Last spring, as the pandemic was announcing itself, our blog site deserted plans to cover the #SevenTimes effort of Oak Hills Center for Relationship and Sexuality Education in favor of COVID-related material. Duguay went on to found Oak Hills Center for Relationship and Sexuality Education. In honor of her work and advocacy, AT3 Center News and Tips is mining Oak Hill and NEAT Center resources (amongst others) to produce AT Tips for #SevenTimes. Oak Hill emphasizes you do not need to be an expert in anything to get started ending this epidemic of sexual abuse. Brenna Doyle, MA, MS, and Elena Fader, MA, CCC-SLP, Director of AT Services at Oak Hills NEAT Center, offer an intro to the Positive Choices curriculum and Workbook series in collaboration with The Arc Connecticut.

Februarys AT Tip for #SevenTimes.

For this initial #SevenTimes post, we are highlighting 3 resources. Oak Hill stresses you do not require to be an expert in anything to begin ending this epidemic of sexual abuse. (Future AT Tips for #SevenTimes will zero-in on a quick helpful takeaway and link back to this introductory blog site.).

Individuals with intellectual or development impairments (I/DD) are sexually attacked at a rate that is at least seven times greater than for persons without impairments. What can you do about it? A lot (including considering assistive innovation).
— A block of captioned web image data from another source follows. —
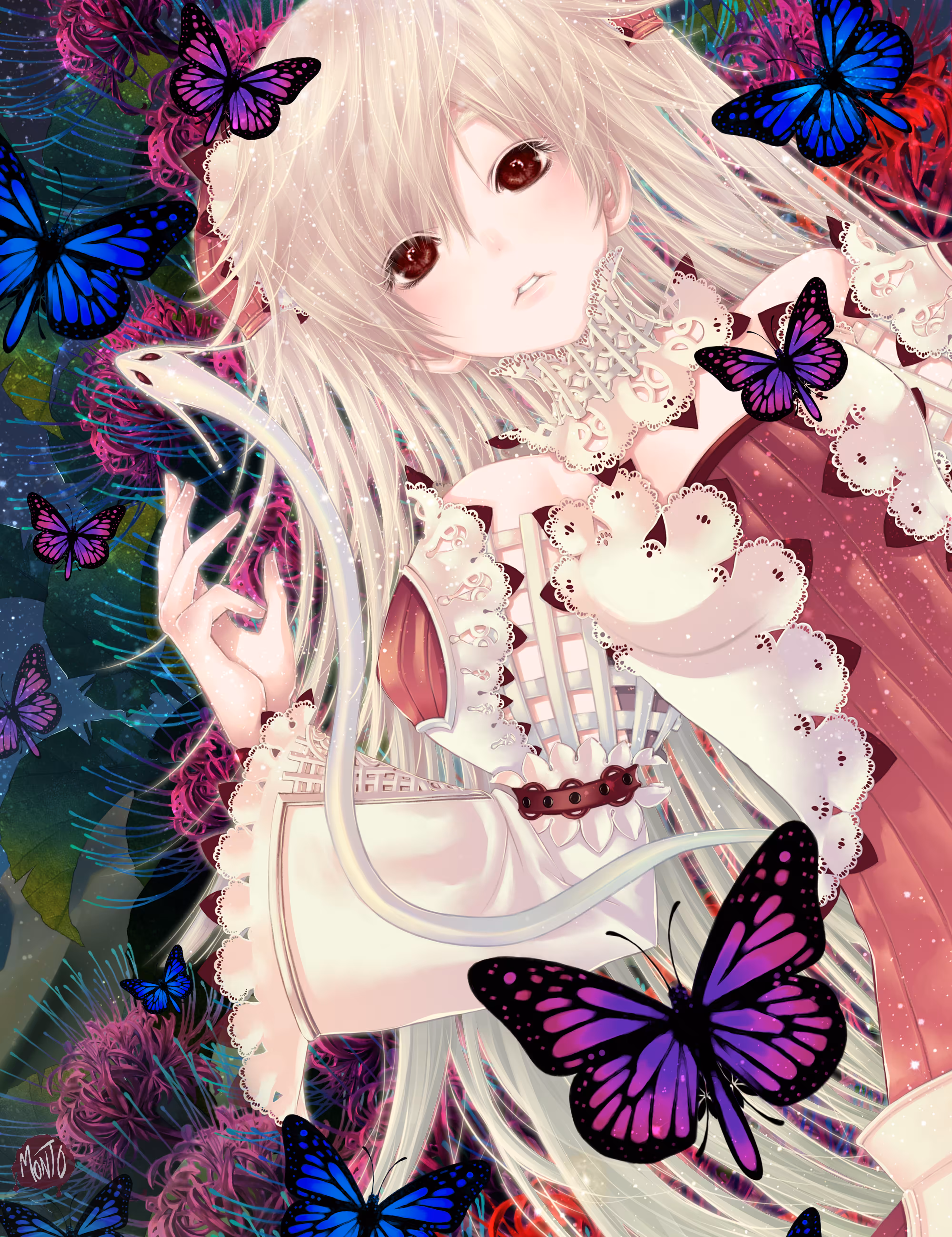 Color​s​ of​ the​ Night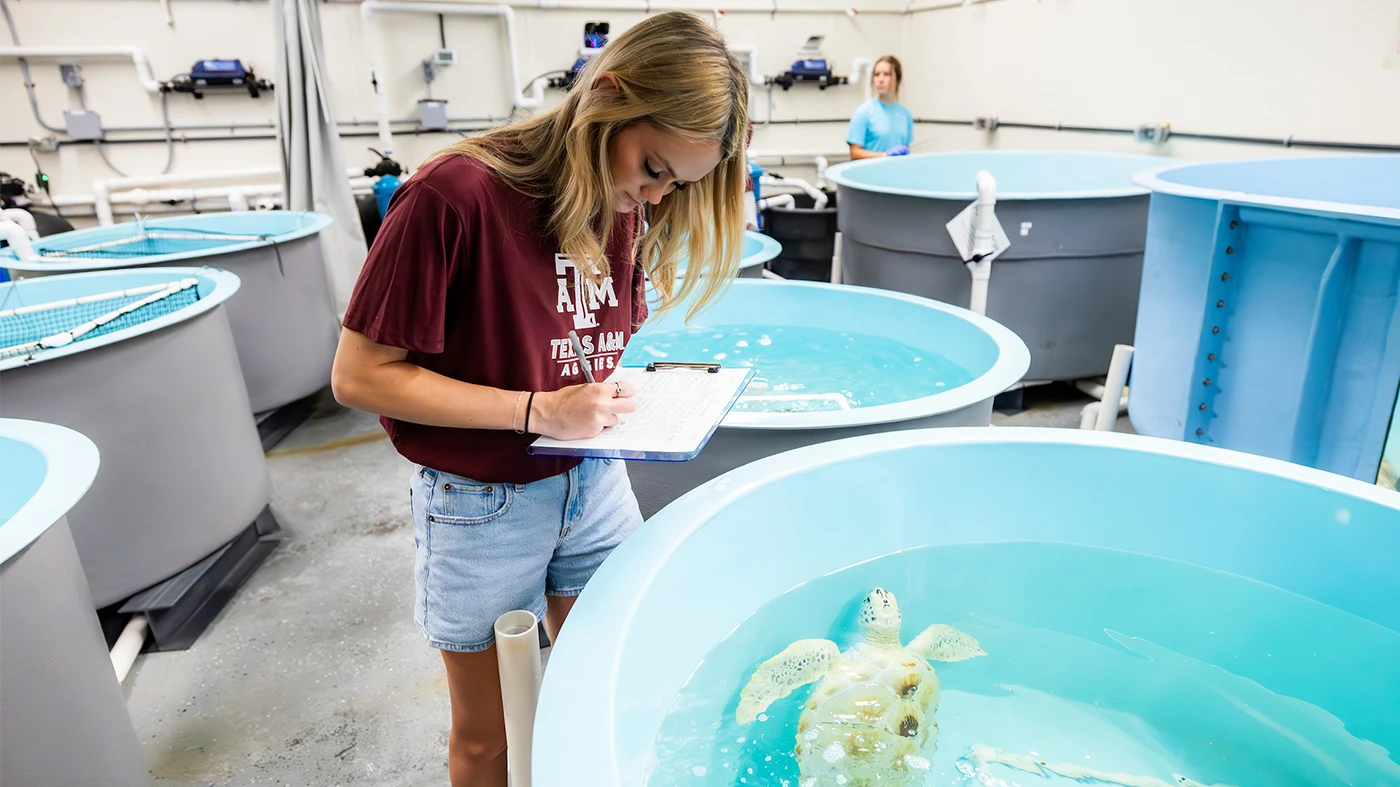 An Aggie writes on a clipboard while examining a turtle in a tank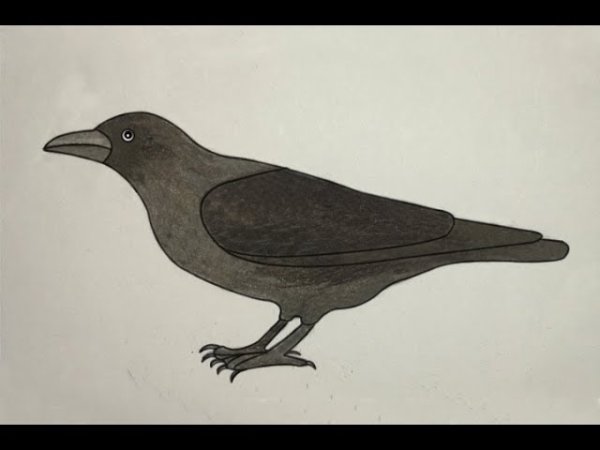 Рисунки ворона легкие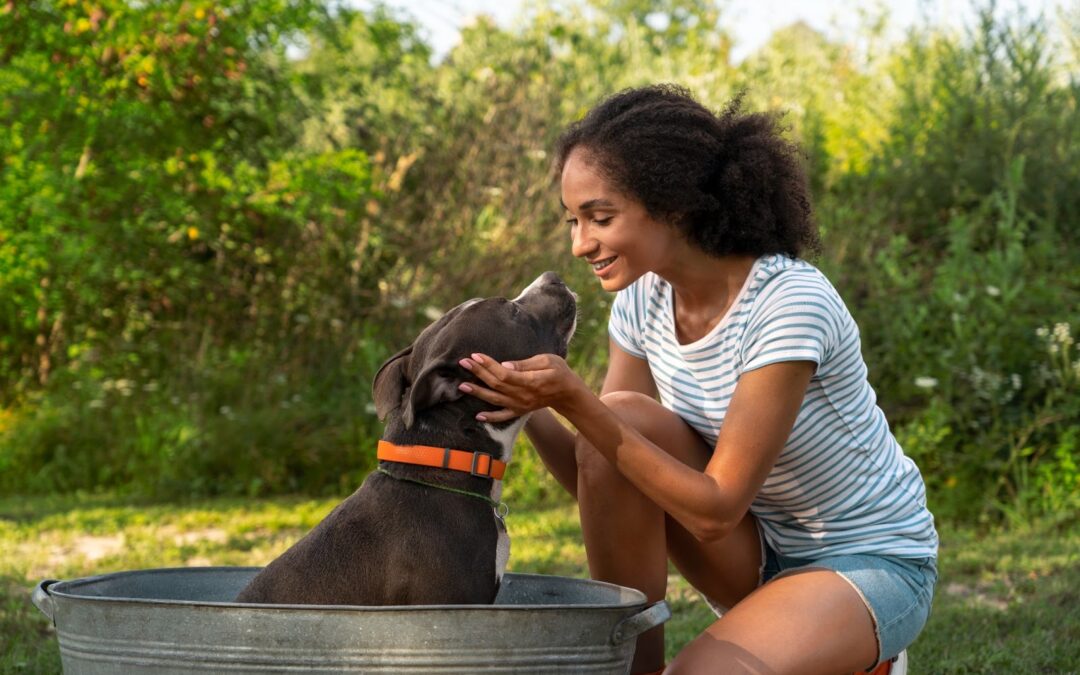3 Common Pet Brand Content Pitfalls And How to Fix Them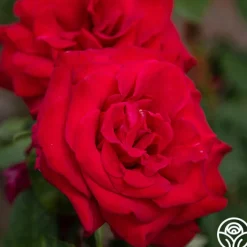 Proud Land®>Heirloom Roses Sale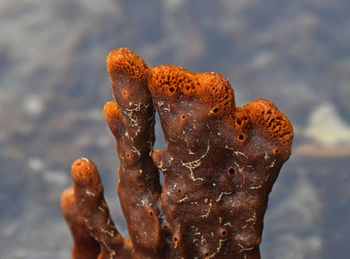 Close-up of orange coral polyp in sea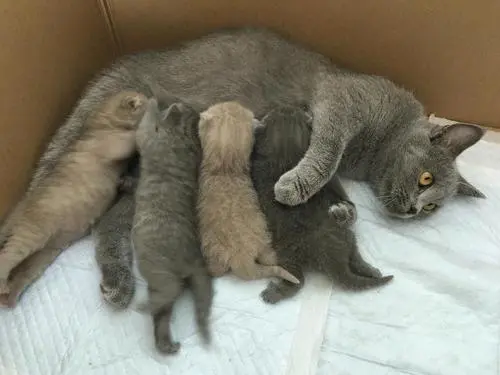 猫怎么补钙（猫补钙吃什么牌子的钙片）-硒宝网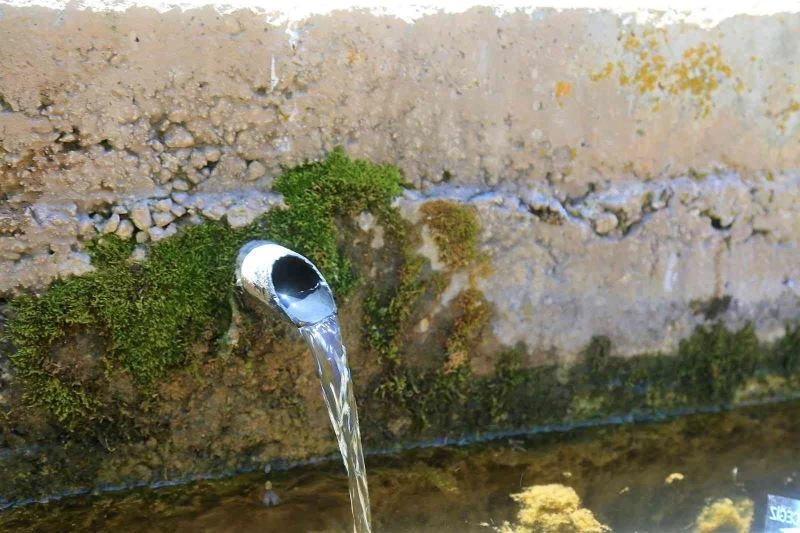 Ardıç kokulu su şifa dağıtıyor
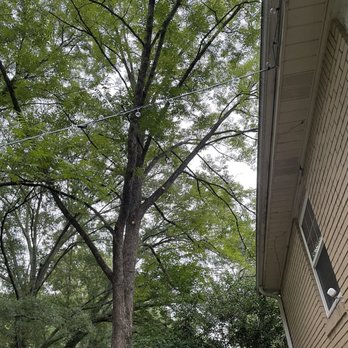 Cowboy Tree Care - Tree Services Near Me Cowboy Tree Care - Tree Services Near Me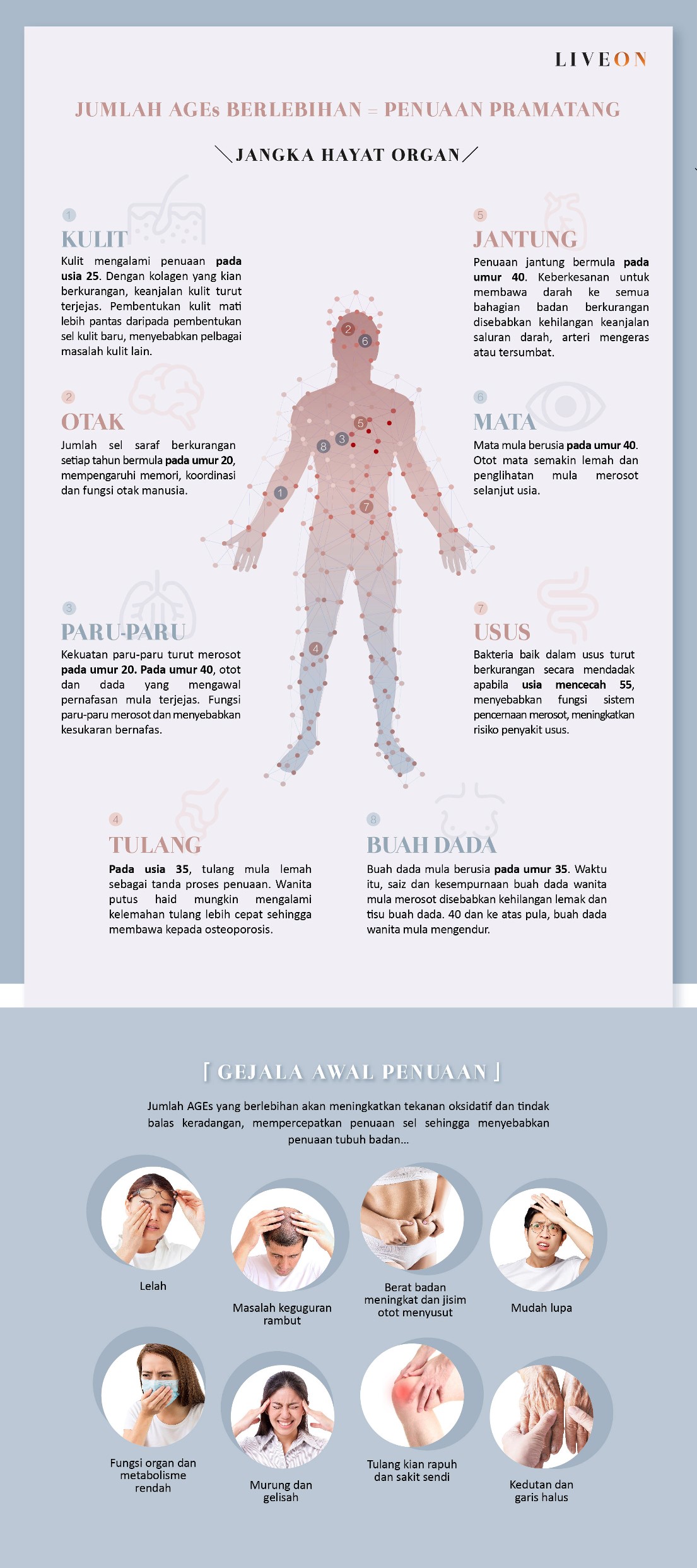 LIVEON Singapore -  the early Symptoms of Ageing 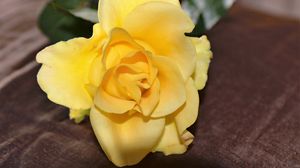 Preview wallpaper rose, bud, yellow, petals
People with I/DD need to have access to the understanding they need to identify abuse and a way to speak about it.
When they do not have a method for effective interaction and/or the vocabulary to reveal what is incorrect, adults and children with intricate interaction needs are more susceptible.
Individuals with disabilities are made more susceptible when they dont have an understanding of social cues, and/or understanding about bodies and sexuality.
Everyone is vulnerable to sexual abuse if they do not feel a right to manage their own bodies, a right to pick touches, or if they do not have the skills to self-advocate.

” Most individuals with I/DD mature without knowing how their bodies work, where babies originate from, or what sexual touch is.”.
Oak Hill Center for Relationship and Sexuality Education.

A nationwide spotlight on this concern was a long period of time in coming for Oak Hill, the biggest non-profit disability services firm in Connecticut, and a service provider of assistive innovation services (through the NEAT Center, a partner of the CT Tech Act Project).

Relationship and Safety Series.

Duguay went on to discovered Oak Hills Center for Relationship and Sexuality Education. Now retired, her legacy is remarkable. Duguays curriculum, Positive Choices, has been discovered efficient by scientists at George Mason University, University of Iowa, and Syracuse University and sold in 34 states. In addition, Oak Hill has actually recently modified her series of adult workbooks and made them available as a free download, a remarkable resource (highlighted listed below).